WORK TO BE COMPLETED:
Beginning with the line that holds "Building Photo - 3221 S Ocean Blvd", copy each line to the end of the records exactly, except the pictures.

Collected data entries:
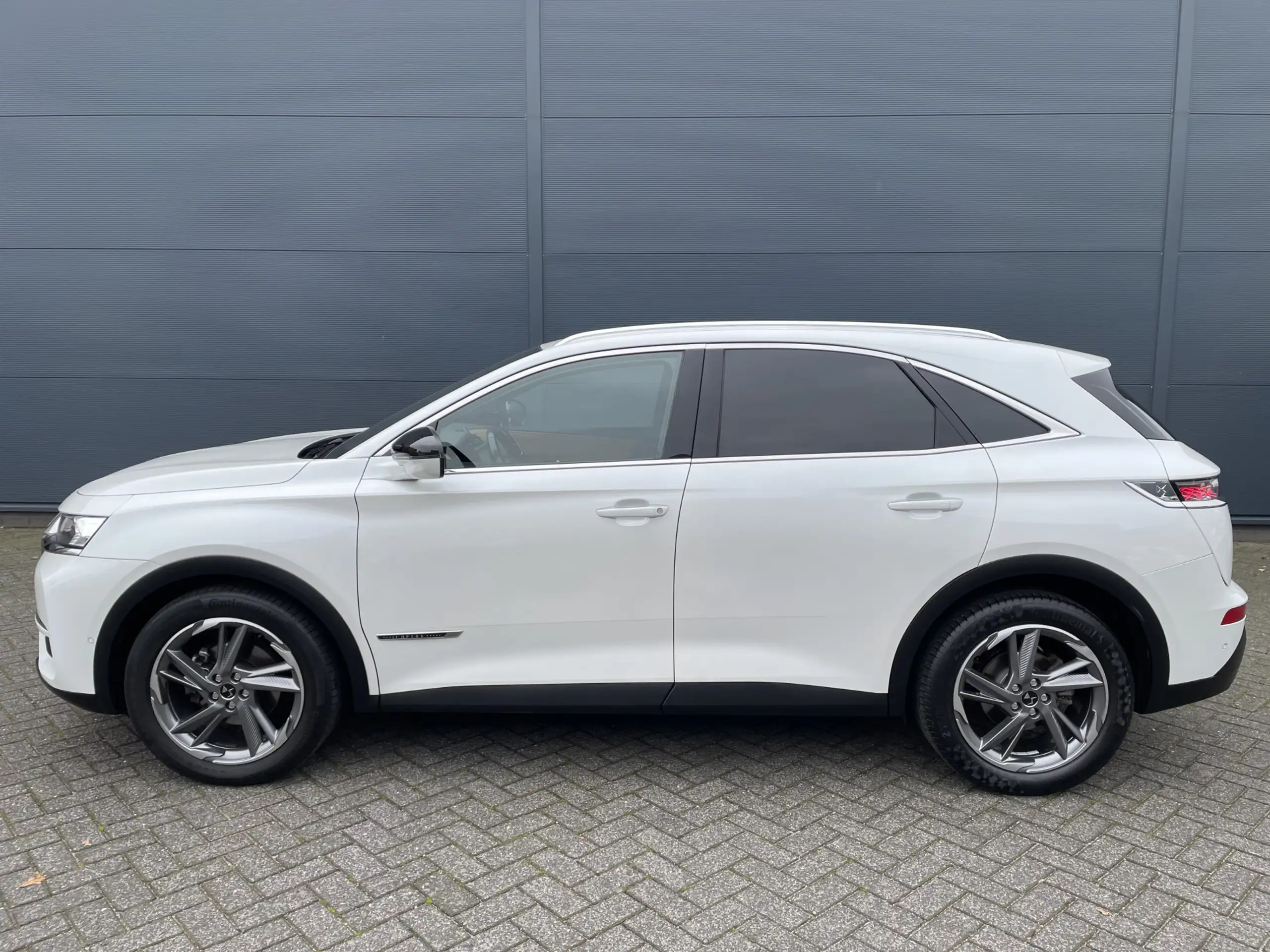 DS Automobiles - DS 7 Crossback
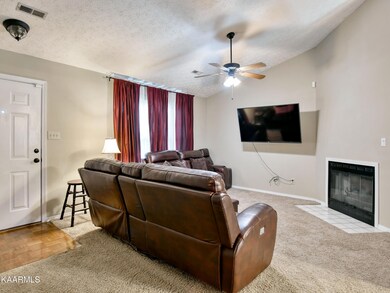 2324 Crestpark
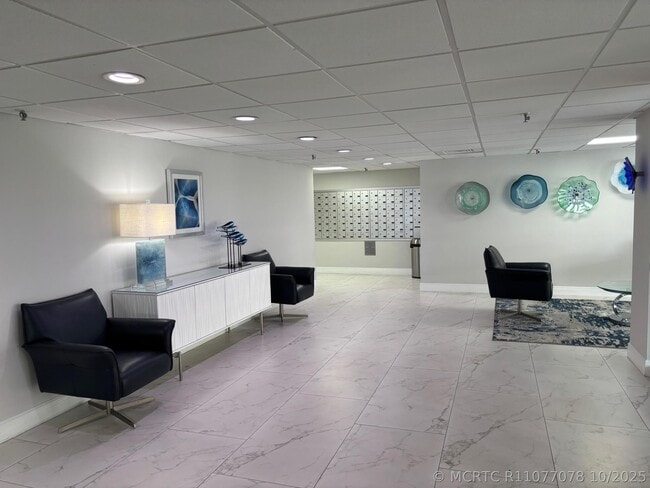 Building Photo - 3221 S Ocean Blvd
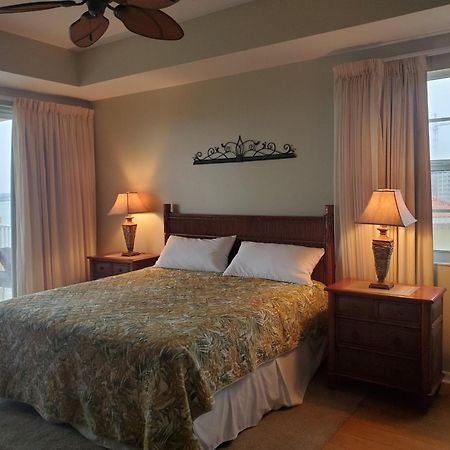 Luxury 5 Star Condominium Water Front 3 Beds 2 Bath Pool Hot-Tub Beach And City Views Clearwater Beach Exterior photo
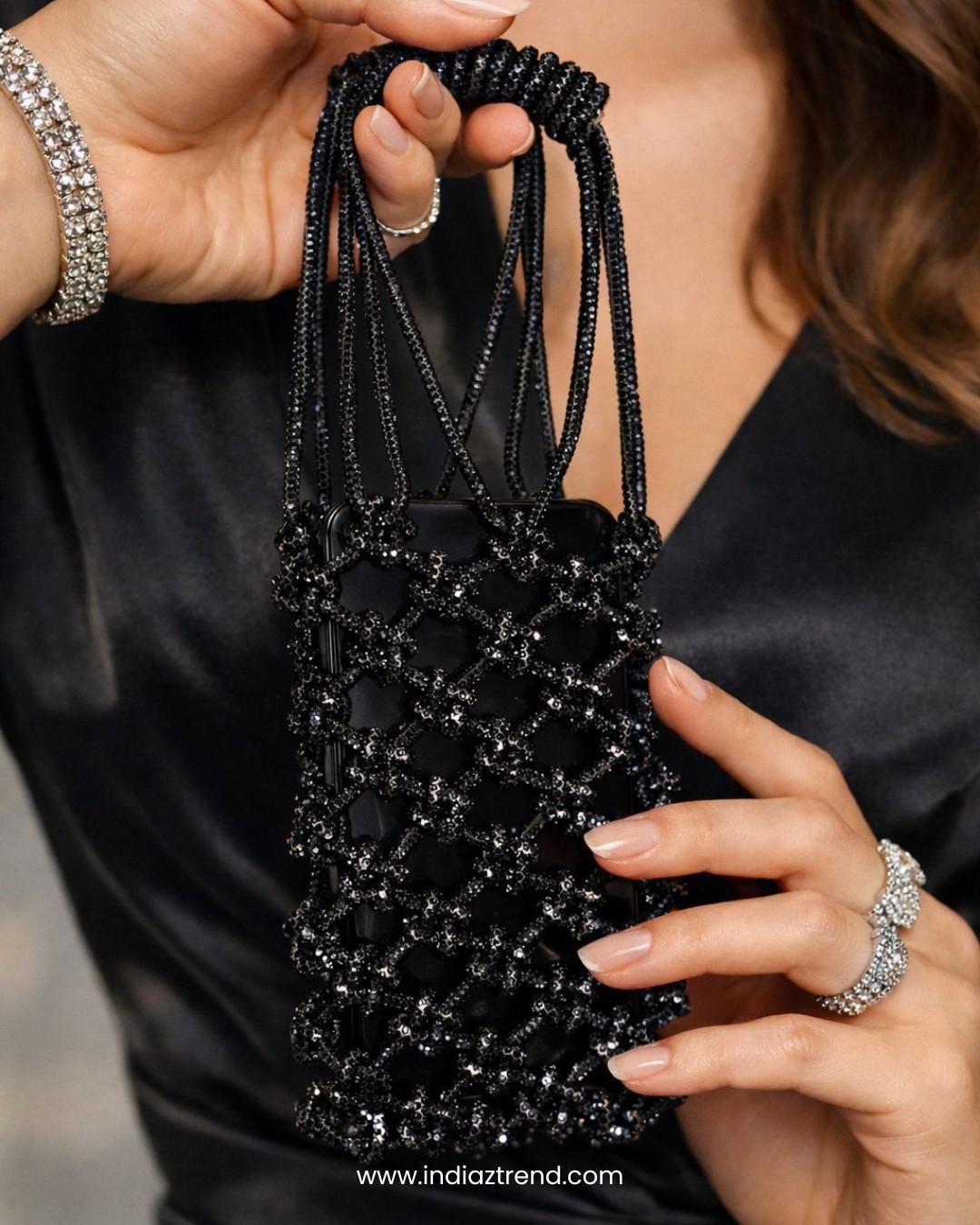 Knotted Macrame Party Mobile Carry Bag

YOUR RESPONSE:
 Building Photo - 3221 S Ocean Blvd
 Luxury 5 Star Condominium Water Front 3 Beds 2 Bath Pool Hot-Tub Beach And City Views Clearwater Beach Exterior photo
 Knotted Macrame Party Mobile Carry Bag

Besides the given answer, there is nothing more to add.